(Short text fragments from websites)
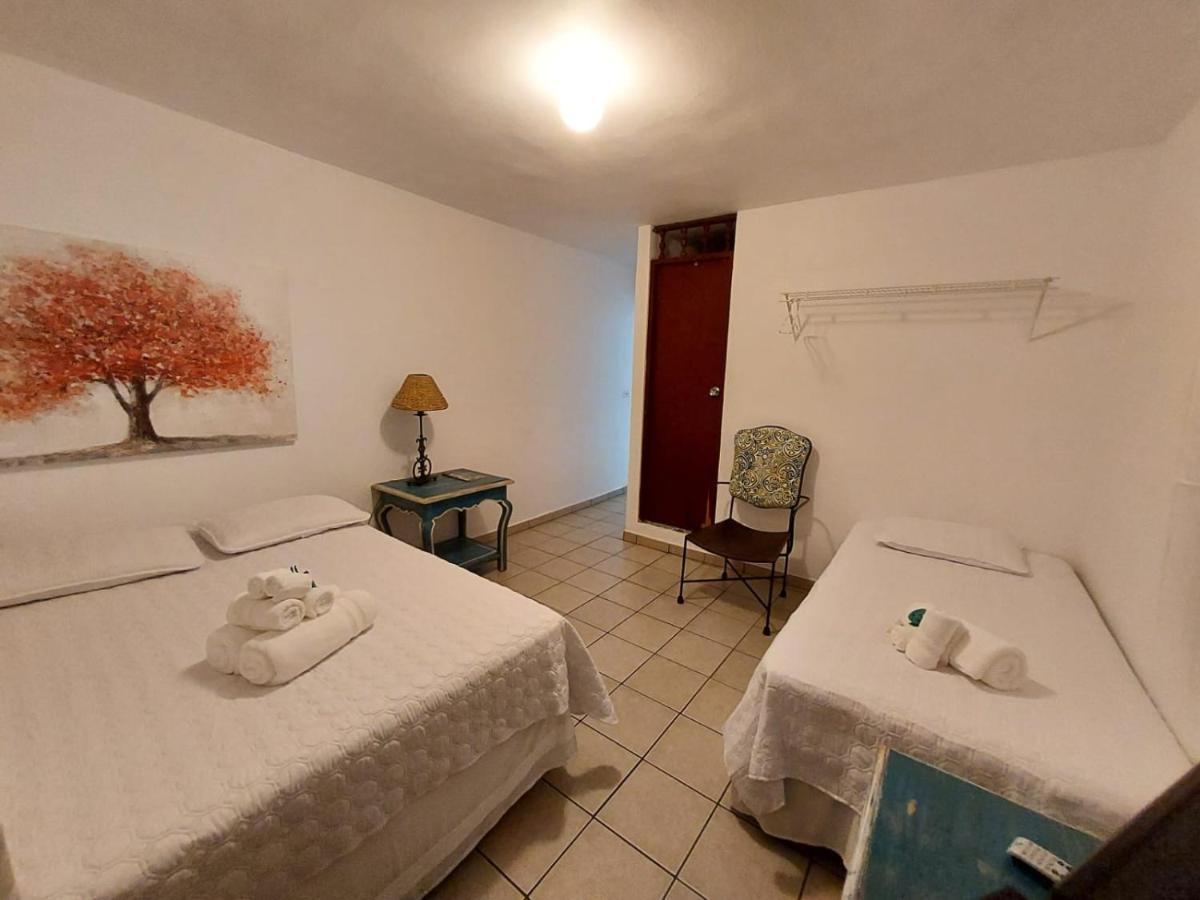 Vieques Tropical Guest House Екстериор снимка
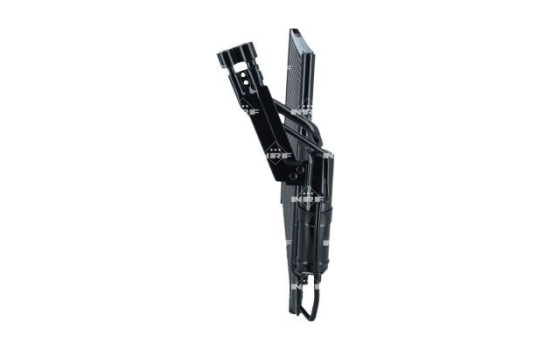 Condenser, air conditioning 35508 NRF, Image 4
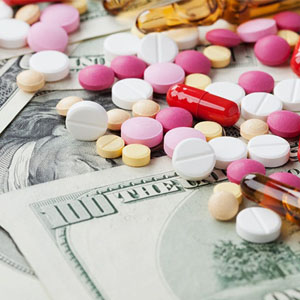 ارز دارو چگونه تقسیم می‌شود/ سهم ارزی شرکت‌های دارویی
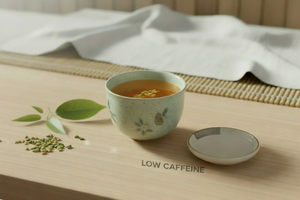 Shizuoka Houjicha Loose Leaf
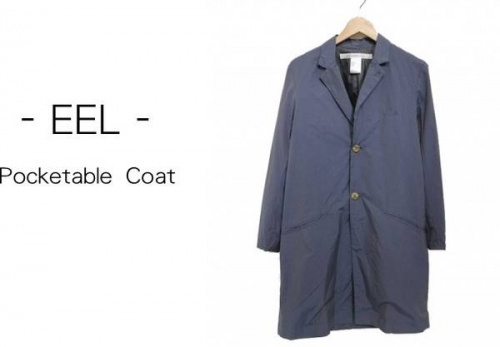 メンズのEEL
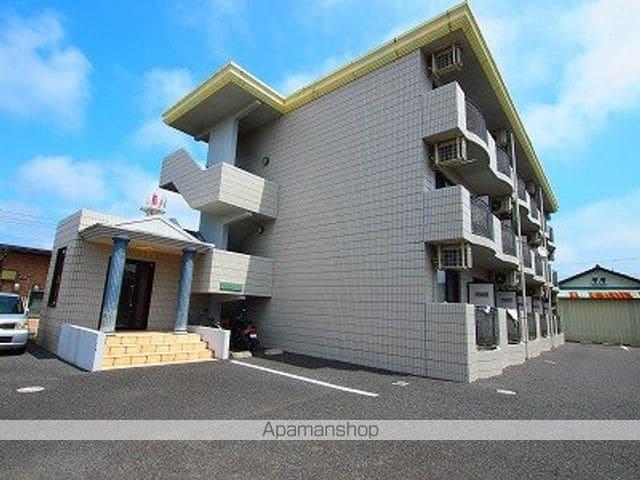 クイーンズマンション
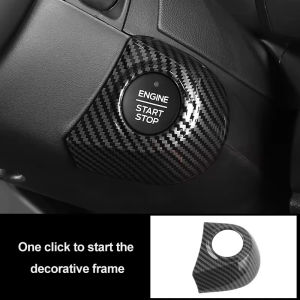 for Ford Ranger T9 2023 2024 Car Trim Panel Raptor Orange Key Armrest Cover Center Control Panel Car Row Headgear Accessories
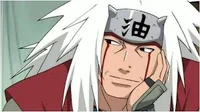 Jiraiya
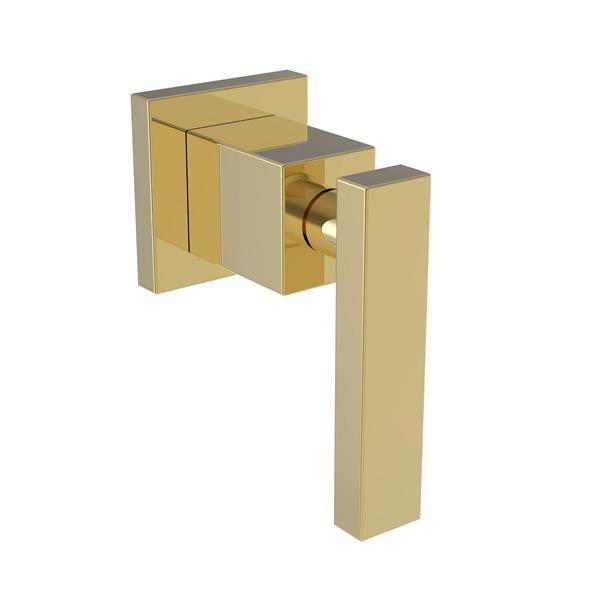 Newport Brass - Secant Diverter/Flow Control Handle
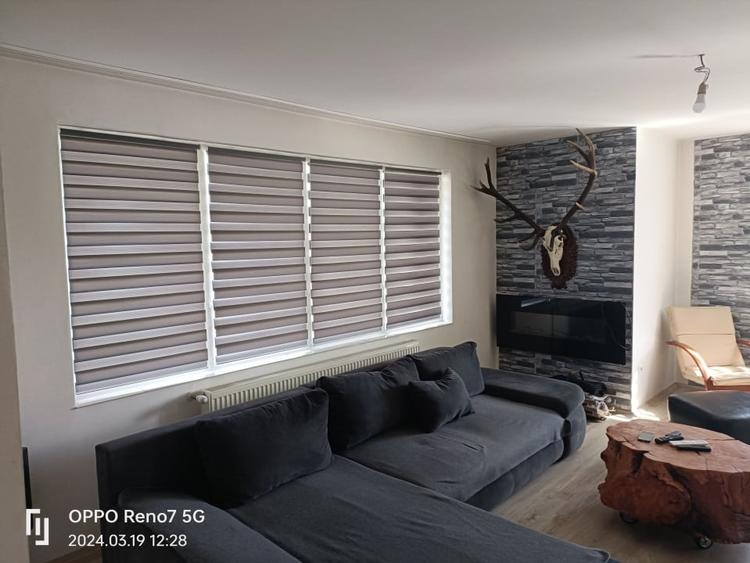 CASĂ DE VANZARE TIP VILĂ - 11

**Problem statement**
Repeat exactly the lines from the first line of the records above through the line containing "Newport Brass - Secant", leaving out the pictures.

**Reply to the task**
 Vieques Tropical Guest House Екстериор снимка
 Condenser, air conditioning 35508 NRF, Image 4
 ارز دارو چگونه تقسیم می‌شود/ سهم ارزی شرکت‌های دارویی
 Shizuoka Houjicha Loose Leaf
 メンズのEEL
 クイーンズマンション
 for Ford Ranger T9 2023 2024 Car Trim Panel Raptor Orange Key Armrest Cover Center Control Panel Car Row Headgear Accessories
 Jiraiya
 Newport Brass - Secant Diverter/Flow Control Handle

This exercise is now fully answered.